Le projet a été mené auprès de 630 patients souffrant d’un cancer de la prostate localisé à haut risque dans dix hôpitaux québécois, dont l’Hôpital Fleurimont. Celui-ci a prouvé que le standard de traitement d’hormonothérapie, qui a été fixé à 36 mois en 1997 et qui s’additionne à des traitements de radiothérapie, peut être réduit à 18 mois sans compromettre les chances de survie des patients. 

« Le traitement hormonal bloque la production de la testostérone, explique le Dr Nabid. La testostérone est un peu le carburant des cellules cancéreuses. [...] Le problème, avec cette castration médicale qui est transitoire, mais longue, ce sont les effets secondaires. La liste des effets secondaires est énorme. Ce ne sont pas tous les patients qui auront les effets secondaires, mais quand même. On peut parler de bouffées de chaleur, de fatigue, de perte de libido, de perte d’érection, et d’affaiblissement des os et des muscles. Ça peut aussi jouer vers le diabète, vers des maladies cardiovasculaires et des trous de mémoire. » 

Une fois que le taux de testostérone d’un patient est à zéro, celui-ci peut mettre des mois, voire des années à retrouver un taux normal, note le médecin chercheur. 

Cette étude, qui a débuté il y a 20 ans, proposait donc deux avenues aux participants, tous atteints d’un cancer de la prostate agressif non métastatique. Ceux-ci pouvaient opter pour 18 ou 36 mois de traitement, et devaient répondre seuls à des questionnaires pendant les cinq années suivant la fin du traitement, ce qui a permis d’évaluer leur qualité de vie.

Parmi les patients ayant choisi le traitement de 36 mois, 77,1 % ont survécu à leur cancer. Pour ceux ayant reçu la moitié du traitement, le taux de survie représente 76,2 %. « On s’est aperçus également que le groupe qui avait moins d’hormones retrouvait plus facilement un taux de testostérone normal », se réjouit le médecin, qui croit que la durée de 3 ans fixée au départ était plutôt « aléatoire », ce qui explique qu’on ait pu la diminuer ainsi.

Symptômes minimes

Patrick Cain, qui a emprunté la voie des 18 mois de thérapie hormonale, fêtera dans quelques jours ses 80 ans. Mercredi, il rencontrait le Dr Nabid pour un rendez-vous de suivi marquant 11 années depuis la fin de son traitement. 

« Mon médecin de famille m’a confié à un médecin à l’Hôpital Fleurimont.
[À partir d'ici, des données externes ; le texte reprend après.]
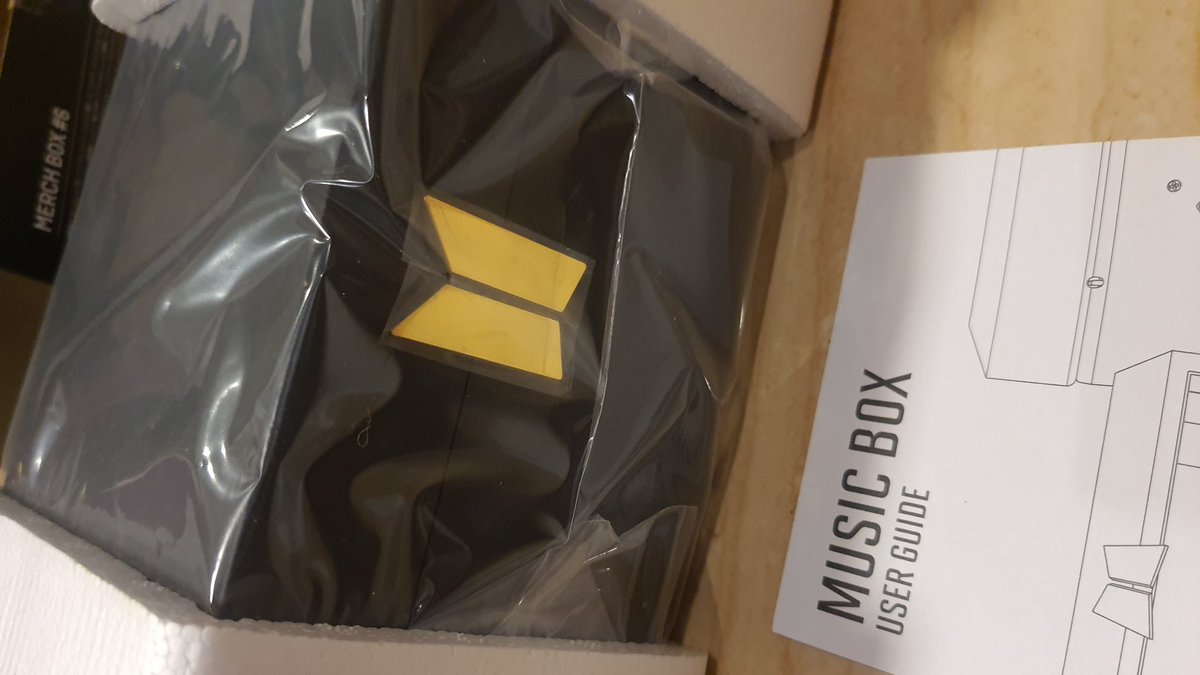 Hya_Cinthh's tweet photo. @HappyOppaPH 
Thank you! Love it.
#merchbox6 #musicbox #mikrokosmos #BTSで妄想 #BTSARMY https://t.co/B512EHt7gU
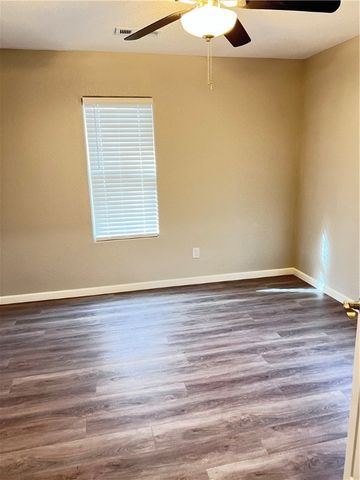 1006 S G Street, Rogers, AR 72756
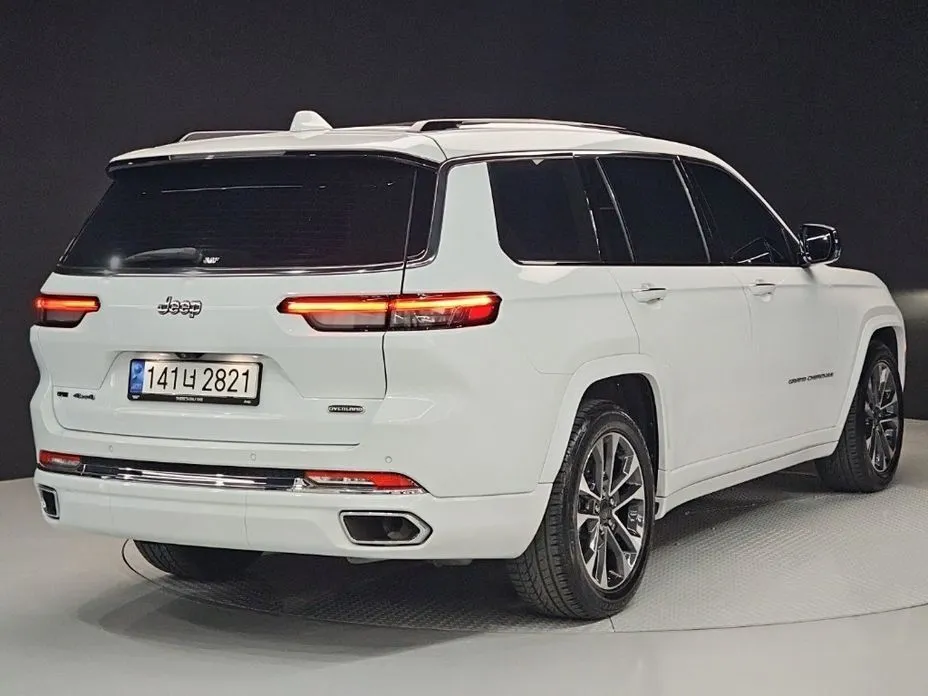 Jeep Cherokee — фото 2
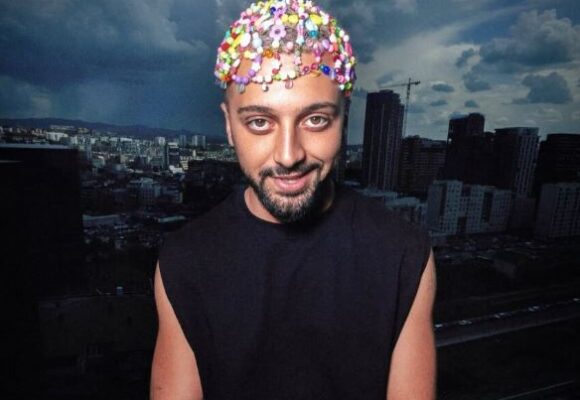 Rikthehet Gjesti pas pauzës së gjatë, kësaj radhe publikon foto me motive festive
Après une biopsie, celui-ci m’a confirmé que je n’étais pas opérable, mais il m’a recommandé dans les minutes suivantes le Dr Nabid, qui m’a proposé un traitement », indique l’homme, qui affirme se porter très bien aujourd’hui. 

M. Cain a ensuite pris part à 35 séances de radiothérapie, qui se sont amorcées en même temps que les injections d’hormones. 

« À part quelques bouffées de chaleur » et une manifestation minime des symptômes habituels, il soutient que sa qualité de vie n’a en rien été changée. 

Prochaine étape

« La prochaine étape sera d’arriver avec des marqueurs qui vont faire en sorte que ce sera beaucoup plus facile et plus précis de savoir au départ qui est plus à risque, à qui on augmente les médicaments et à qui on les diminue, note le Dr Nabid. On aura donc des traitements de base, comme les traitements combinés, mais il y a plein d’autres choses qui sont en train d’être utilisées. On vient de participer à une étude avec ce traitement de base, et on essaie de nouvelles molécules qu’on connaît efficaces dans le cancer de la prostate. »

La Société canadienne du cancer estime que d’ici la fin de l’année, 22 900 nouveaux cas de cancer de la prostate auront été déclarés au pays. Le taux de survie nette après cinq ans est de 93 %.